Variant	Layers	Hidden Size	Parameters	Training
BERT-base	12	768	110M	4 days, 16 TPUs
BERT-large	24	1024	340M	4 days, 64 TPUs

Problem for Search

BERT produces per-token embeddings (one vector per word). To compare two sentences, you'd need to feed them jointly through BERT — this is O(N²) for N documents. Finding similar pairs in 10K sentences would take 65 hours with raw BERT.

5. Sentence Transformers — SBERT (2019)

Sentence-BERT (Reimers & Gurevych, 2019) solved the per-token problem by training Siamese/Triplet networks that produce fixed-size vectors for entire sentences. The result: semantically similar sentences are close in vector space. The speedup is transformative: 10,000x faster than pure BERT for finding similar pairs in 10K sentences (65 hours → 5 seconds).

sbert_usage.py

from sentence_transformers import SentenceTransformer

model = SentenceTransformer('all-MiniLM-L6-v2')

# Internally:

# 1. Tokenize input sentence

# 2. Pass through transformer → per-token embeddings

# 3. Apply POOLING → single vector:

# - Mean pooling (average all tokens) ← default, usually best

# - CLS pooling (use [CLS] token vector)

# - Max pooling (element-wise max across tokens)

query_vec = model.encode("How to fix a flat tire") # [384]

doc_vec = model.encode("Steps for puncture repair") # [384]

# Cosine similarity: ~0.82 (high match despite zero word overlap!)

similarity = cosine_similarity(query_vec, doc_vec)

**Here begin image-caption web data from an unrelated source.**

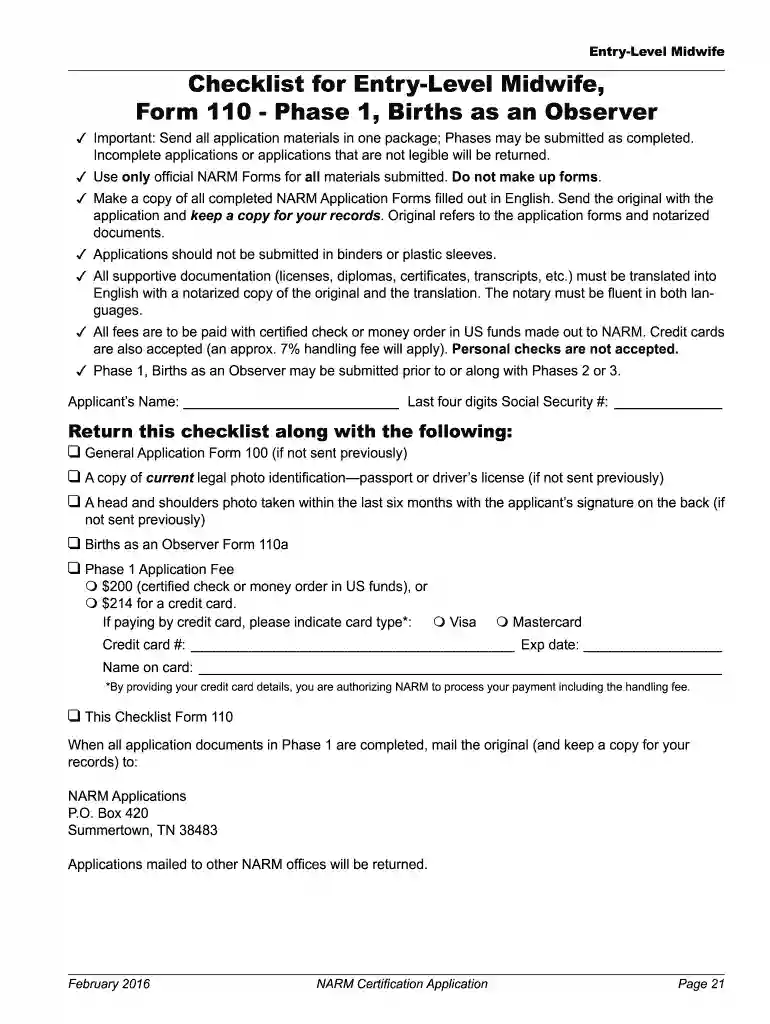 narm phase 3 Preview on Page 1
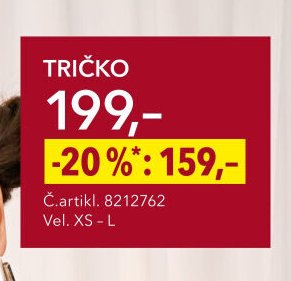Tričko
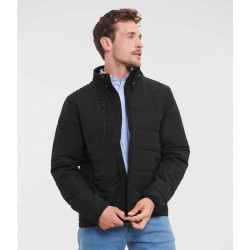 Russell Cross Padded Jacket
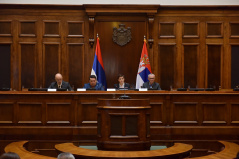 6 December 2024 The Second Republic of Serbia – Republic of Srpska Parliamentary Forum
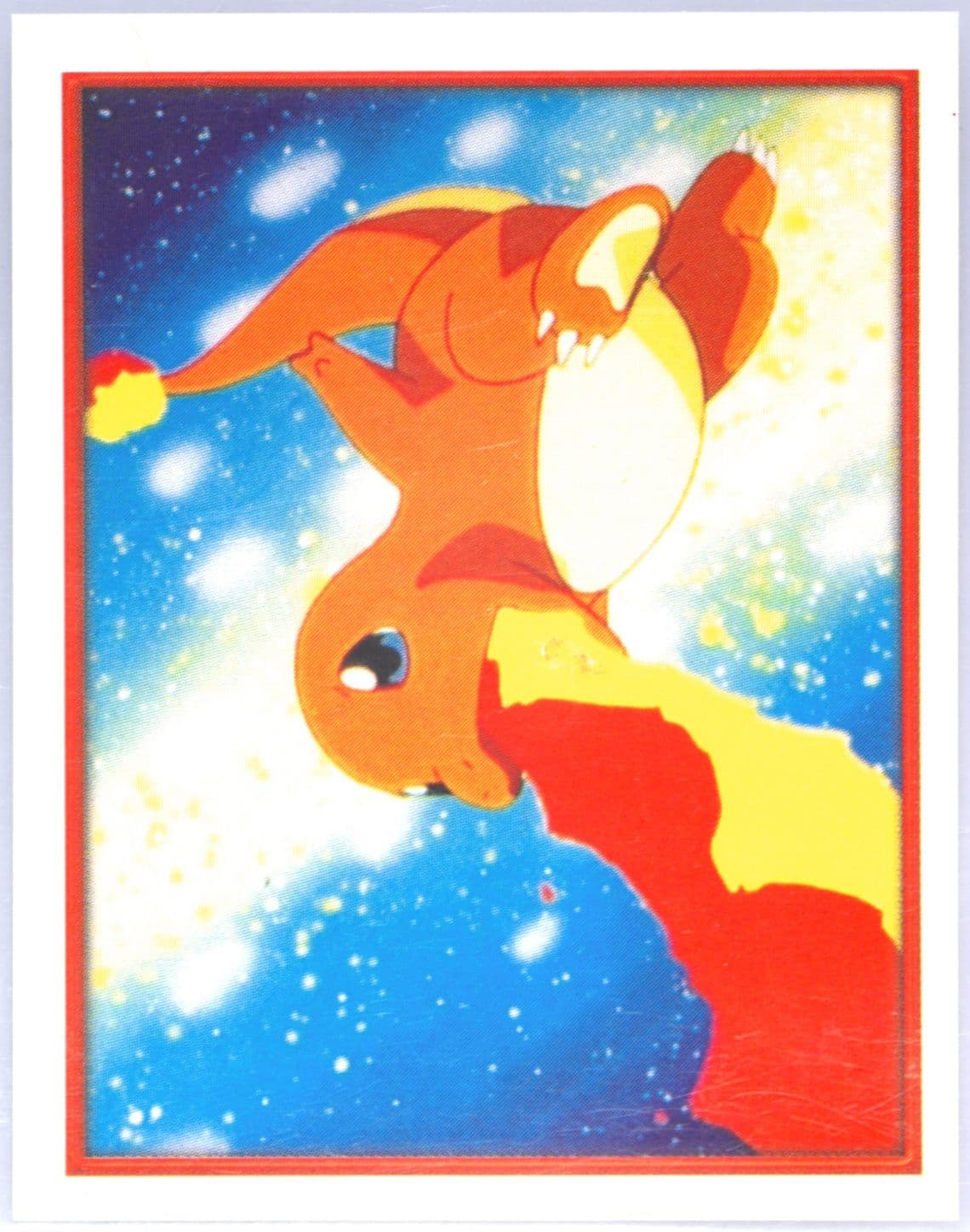 Charmander (187) 2000 Merlin Pokemon 2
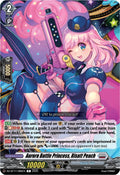 Aurora Battle Princess, Risatt Peach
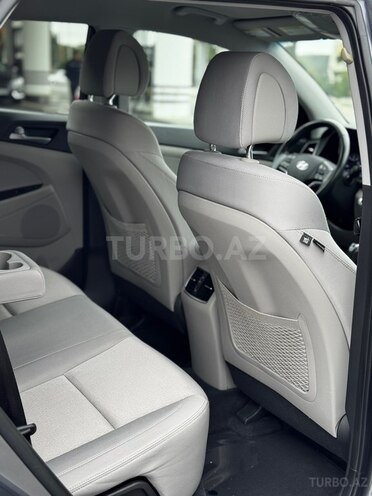 Hyundai Tucson 2017, 24,900 km - 1.6 l - Bakı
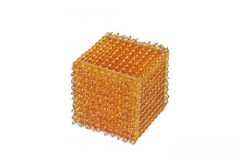 Starlink Montessori Materials Educational Math Toys For Kids Golden Beads Thousand Cubes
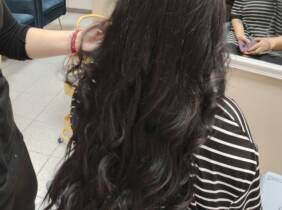 Tenerife Sesión de peluquería con peinado y lavado con opción a corte y color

6. Training Loss Functions for Search Embeddings

The choice of loss function critically affects embedding quality. The dominant paradigm for search embeddings is contrastive learning: push the query close to its relevant document and away from all other documents in the batch.

MNR / InfoNCE

THE dominant loss for search. Input: (anchor, positive) pairs only — negatives come from other pairs in the batch. All other positives act as negatives. Larger batch = more negatives = better training signal.

batch_size=1024 → 1023 negatives per query

Triplet Loss

Input: (anchor, positive, negative) triplets with explicit negative mining. A margin parameter controls minimum separation. Requires curating negatives, more setup than MNR.

d(a, pos) + margin < d(a, neg)

Cosine Similarity Loss

Input: (sentence_A, sentence_B, similarity_score) triples. Good for Semantic Textual Similarity (STS) tasks. Less effective for retrieval than MNR.

loss = MSE(cos(a, b), target_score)

Hard Negative Mining

Simple random negatives are too easy — the model doesn't learn fine distinctions. Hard negatives are documents that are topically close but not relevant: for "How to train a puppy," a hard negative is "How to train a machine learning model" — similar words, different meaning.

hard_negatives.py

def mine_hard_negatives(query, relevant_docs, index, model, top_k=30):

"""Use the model's own retrieval to find tricky negatives."""

query_vec = model.encode(query)

candidates = index.search(query_vec, k=top_k)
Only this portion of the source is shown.